- WHAT YOU SHOULD DO -
Each line from the one containing "Monogram Coated Canvas Shoulder Bag Black" through the end of the entries below must be output exactly; no other line belongs.

>>>>

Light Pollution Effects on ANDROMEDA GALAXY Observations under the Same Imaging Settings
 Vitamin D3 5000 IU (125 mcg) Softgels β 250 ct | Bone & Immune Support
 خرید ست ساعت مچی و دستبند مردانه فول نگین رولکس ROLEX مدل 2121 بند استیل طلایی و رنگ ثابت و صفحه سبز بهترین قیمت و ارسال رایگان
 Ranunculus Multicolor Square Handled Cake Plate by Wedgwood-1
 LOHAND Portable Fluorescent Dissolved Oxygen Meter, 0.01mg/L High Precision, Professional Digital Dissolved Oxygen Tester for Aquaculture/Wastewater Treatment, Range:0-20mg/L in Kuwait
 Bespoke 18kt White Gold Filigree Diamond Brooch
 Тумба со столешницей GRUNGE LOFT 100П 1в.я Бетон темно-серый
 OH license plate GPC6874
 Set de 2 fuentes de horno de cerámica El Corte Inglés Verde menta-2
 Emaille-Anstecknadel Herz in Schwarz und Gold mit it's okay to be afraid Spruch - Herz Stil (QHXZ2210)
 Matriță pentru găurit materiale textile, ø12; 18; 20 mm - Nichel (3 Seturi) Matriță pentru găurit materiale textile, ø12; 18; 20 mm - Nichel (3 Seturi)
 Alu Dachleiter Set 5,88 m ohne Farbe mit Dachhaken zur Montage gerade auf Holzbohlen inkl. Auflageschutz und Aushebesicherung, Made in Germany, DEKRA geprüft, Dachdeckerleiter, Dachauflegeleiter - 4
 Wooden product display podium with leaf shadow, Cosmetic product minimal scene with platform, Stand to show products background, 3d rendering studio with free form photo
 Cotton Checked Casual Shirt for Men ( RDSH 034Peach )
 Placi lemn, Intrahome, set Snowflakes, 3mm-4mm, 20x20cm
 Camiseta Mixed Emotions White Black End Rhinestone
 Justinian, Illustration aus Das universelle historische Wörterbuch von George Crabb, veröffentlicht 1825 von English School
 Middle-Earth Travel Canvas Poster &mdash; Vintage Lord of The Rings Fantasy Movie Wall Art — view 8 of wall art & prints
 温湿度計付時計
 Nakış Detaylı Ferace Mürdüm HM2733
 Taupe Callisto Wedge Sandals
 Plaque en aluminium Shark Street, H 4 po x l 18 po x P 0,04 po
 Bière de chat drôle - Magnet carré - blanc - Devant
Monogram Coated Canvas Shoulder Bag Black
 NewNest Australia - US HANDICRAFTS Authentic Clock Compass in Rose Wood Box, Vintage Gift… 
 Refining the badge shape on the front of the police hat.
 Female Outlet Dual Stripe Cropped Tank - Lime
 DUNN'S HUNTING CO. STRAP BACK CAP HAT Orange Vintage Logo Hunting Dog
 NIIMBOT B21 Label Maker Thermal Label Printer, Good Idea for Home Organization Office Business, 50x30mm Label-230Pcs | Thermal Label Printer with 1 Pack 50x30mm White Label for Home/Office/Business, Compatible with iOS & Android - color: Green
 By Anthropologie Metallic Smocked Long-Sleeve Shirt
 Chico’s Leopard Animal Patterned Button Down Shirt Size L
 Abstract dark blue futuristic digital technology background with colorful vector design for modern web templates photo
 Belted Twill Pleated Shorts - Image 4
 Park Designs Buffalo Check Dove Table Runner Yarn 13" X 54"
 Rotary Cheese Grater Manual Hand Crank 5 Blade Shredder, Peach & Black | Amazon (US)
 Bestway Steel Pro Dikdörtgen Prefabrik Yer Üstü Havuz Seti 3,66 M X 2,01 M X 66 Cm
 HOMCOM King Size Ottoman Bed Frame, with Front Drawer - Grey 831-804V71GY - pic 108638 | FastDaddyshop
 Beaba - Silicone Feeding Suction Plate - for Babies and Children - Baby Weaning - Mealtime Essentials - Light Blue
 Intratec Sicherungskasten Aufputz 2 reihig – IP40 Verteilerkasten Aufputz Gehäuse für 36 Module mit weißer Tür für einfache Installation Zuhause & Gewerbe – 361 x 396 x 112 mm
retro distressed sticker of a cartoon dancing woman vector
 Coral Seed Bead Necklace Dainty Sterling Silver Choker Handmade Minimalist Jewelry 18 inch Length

<<<<

- ANSWER BELOW -
Monogram Coated Canvas Shoulder Bag Black
 NewNest Australia - US HANDICRAFTS Authentic Clock Compass in Rose Wood Box, Vintage Gift… 
 Refining the badge shape on the front of the police hat.
 Female Outlet Dual Stripe Cropped Tank - Lime
 DUNN'S HUNTING CO. STRAP BACK CAP HAT Orange Vintage Logo Hunting Dog
 NIIMBOT B21 Label Maker Thermal Label Printer, Good Idea for Home Organization Office Business, 50x30mm Label-230Pcs | Thermal Label Printer with 1 Pack 50x30mm White Label for Home/Office/Business, Compatible with iOS & Android - color: Green
 By Anthropologie Metallic Smocked Long-Sleeve Shirt
 Chico’s Leopard Animal Patterned Button Down Shirt Size L
 Abstract dark blue futuristic digital technology background with colorful vector design for modern web templates photo
 Belted Twill Pleated Shorts - Image 4
 Park Designs Buffalo Check Dove Table Runner Yarn 13" X 54"
 Rotary Cheese Grater Manual Hand Crank 5 Blade Shredder, Peach & Black | Amazon (US)
 Bestway Steel Pro Dikdörtgen Prefabrik Yer Üstü Havuz Seti 3,66 M X 2,01 M X 66 Cm
 HOMCOM King Size Ottoman Bed Frame, with Front Drawer - Grey 831-804V71GY - pic 108638 | FastDaddyshop
 Beaba - Silicone Feeding Suction Plate - for Babies and Children - Baby Weaning - Mealtime Essentials - Light Blue
 Intratec Sicherungskasten Aufputz 2 reihig – IP40 Verteilerkasten Aufputz Gehäuse für 36 Module mit weißer Tür für einfache Installation Zuhause & Gewerbe – 361 x 396 x 112 mm
retro distressed sticker of a cartoon dancing woman vector
 Coral Seed Bead Necklace Dainty Sterling Silver Choker Handmade Minimalist Jewelry 18 inch Length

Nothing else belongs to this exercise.